The announcement comes as tens of thousands of Egyptians gathered at Tahrir Square for a mass demonstration Tuesday while fresh clashes broke out elsewhere in Cairo as protests demanding the country's military rulers step down entered a fourth day.
Egyptian media reported that Farouk Sultan, chairman of the Supreme Constitutional Court of Egypt, had cut short his visit to Turkey and is making his way back to Cairo.
Egyptian Prime Minister Essam Sharif said: "The Ministry responded to the people's demands, and submitted its resignation.
"Today, I ask everyone to take this country into account; to leave, calm the situation down because we are willing to do anything for the sake of this country, and you must be willing to as well because who will benefit from these events? All I ask of people is that they leave, calm down, we have already responded to what they wanted and it will be implemented, God willing.
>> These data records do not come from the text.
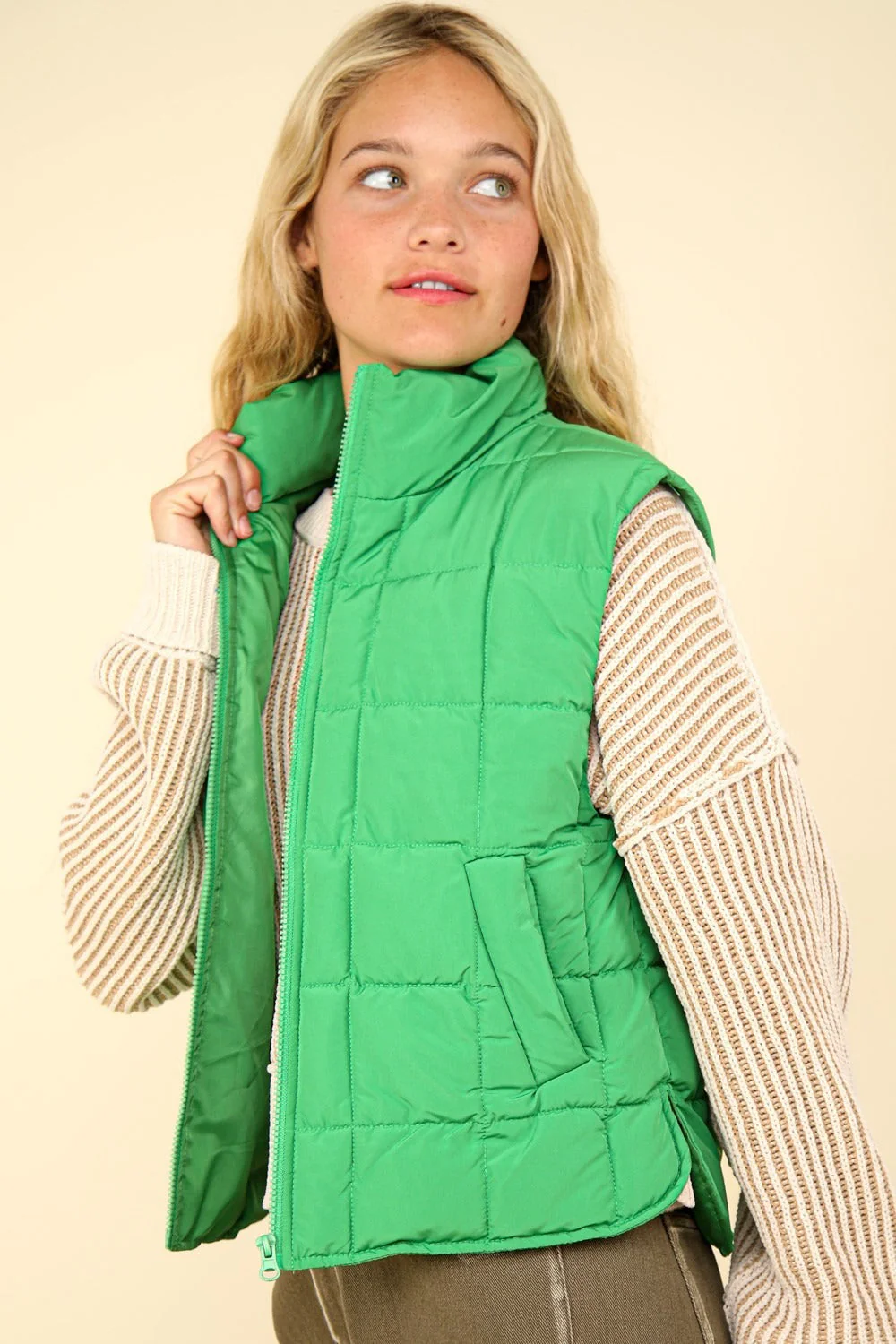 Lea | Padded, warm vest with zip - Image 2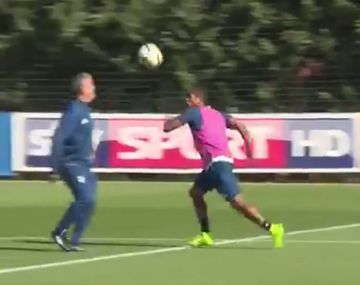 VIDEO: La tremenda jugada de Douglas Costa en pleno entrenamiento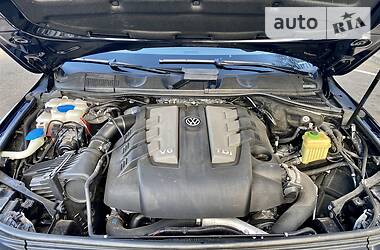 Позашляховик / Кросовер Volkswagen Touareg 2014 в 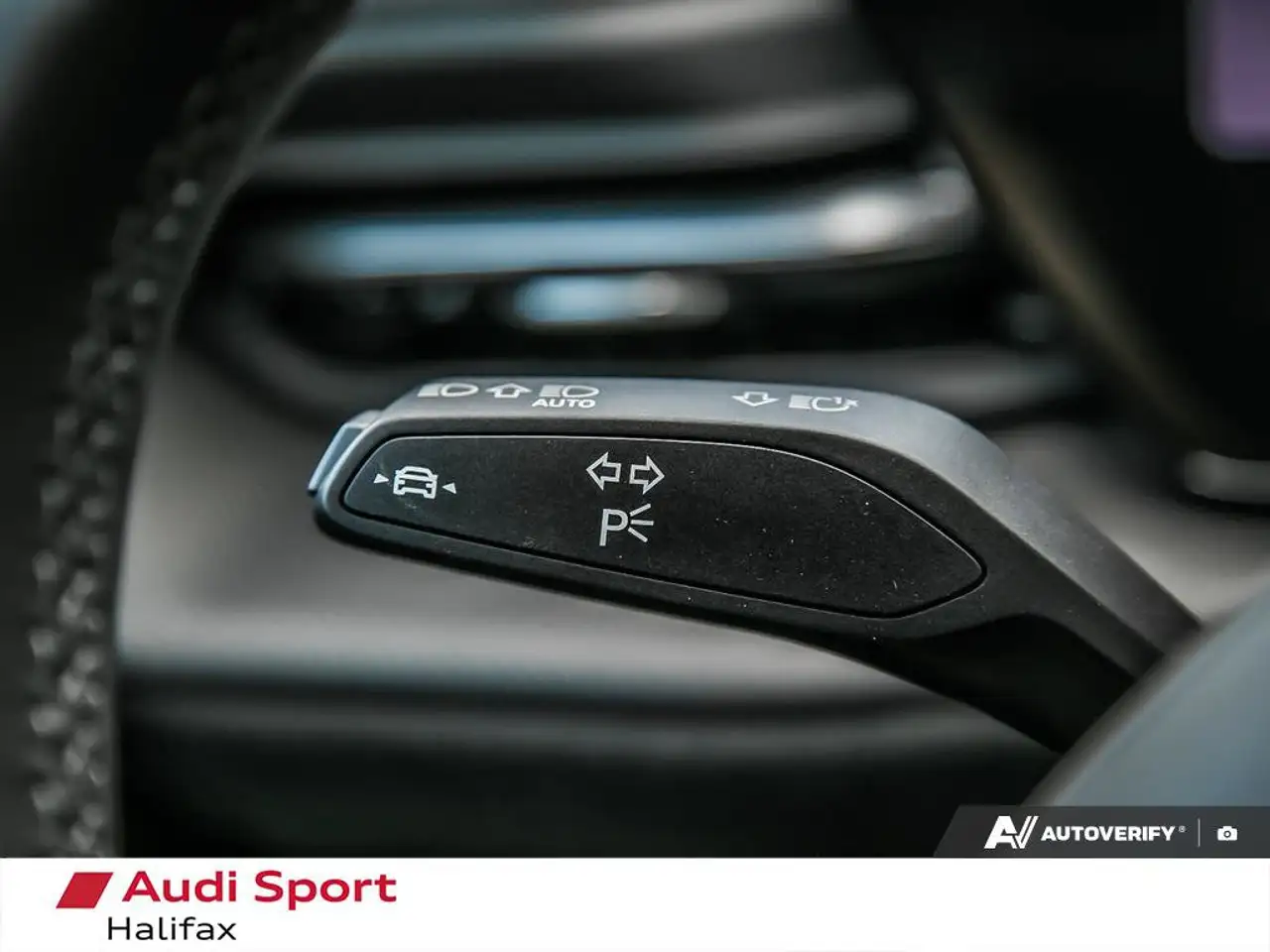 Audi SQ5 - Image 17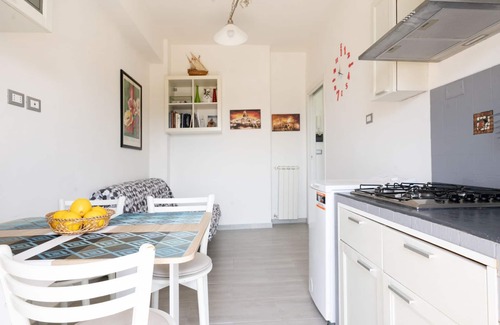 Quartiere XXXIII Lido di Ostia Ponente Apartment | Beautiful renovated apartment sea front in Ostia.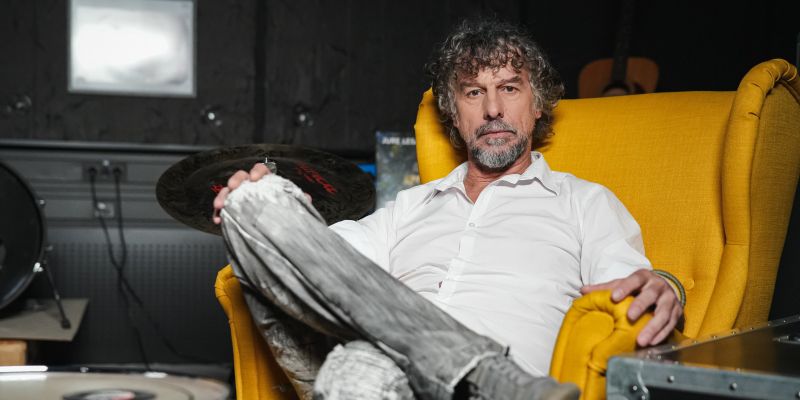 Jan Cvitkovič, eden najbolj samosvojih slovenskih filmskih ustvarjalcev, se tokrat predstavlja tudi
"We were so close to our main goal which is the elections; this is what is important, this political shift. So again I ask that people protect Egypt in this stage," he said.
Security forces stayed away from Tahrir Square since Monday to avoid confrontations after several failed efforts to clear the area in downtown Cairo turned violent; but clashes broke out in streets connecting Tahrir Square to police headquarters, with black-clad security forces backed by military troops firing volleys of tear gas and rubber bullets to block groups of angry young men, who responded by hurling stones and fire bombs.
Hundreds of protesters arrived early Tuesday to join several thousand who have been camping in the square. The crowds hoisted a giant Egyptian flag and chanted slogans demanding the generals immediately step down in favor of a presidential civilian council.
In many ways, the protests bear a striking resemblance to the 18-day uprising beginning Jan. 25 that toppled Mubarak. The chants are identical, except that military ruler Field Marshal Hussein Tantawi's name has replaced Mubarak's.
"The goal is to get rid of the government. They're still stealing and people can't eat," said protester Raed Said, 23, as he walked with an arm around his friend who was choking from the tear gas. "The field marshal has to leave because he's trying to protect Mubarak and doesn't want to try him, so he has to go."
Amnesty International harshly criticized the military rulers in a new report, saying they have "completely failed to live up their promises to Egyptians to improve human rights."
The London-based group documented steps by the military that have fallen short of increasing human rights and in some cases have made matters worse than under Mubarak.
"The euphoria of the uprising has been replaced by fears that one repressive rule has simply been replaced with another," according to the report, issued early Tuesday.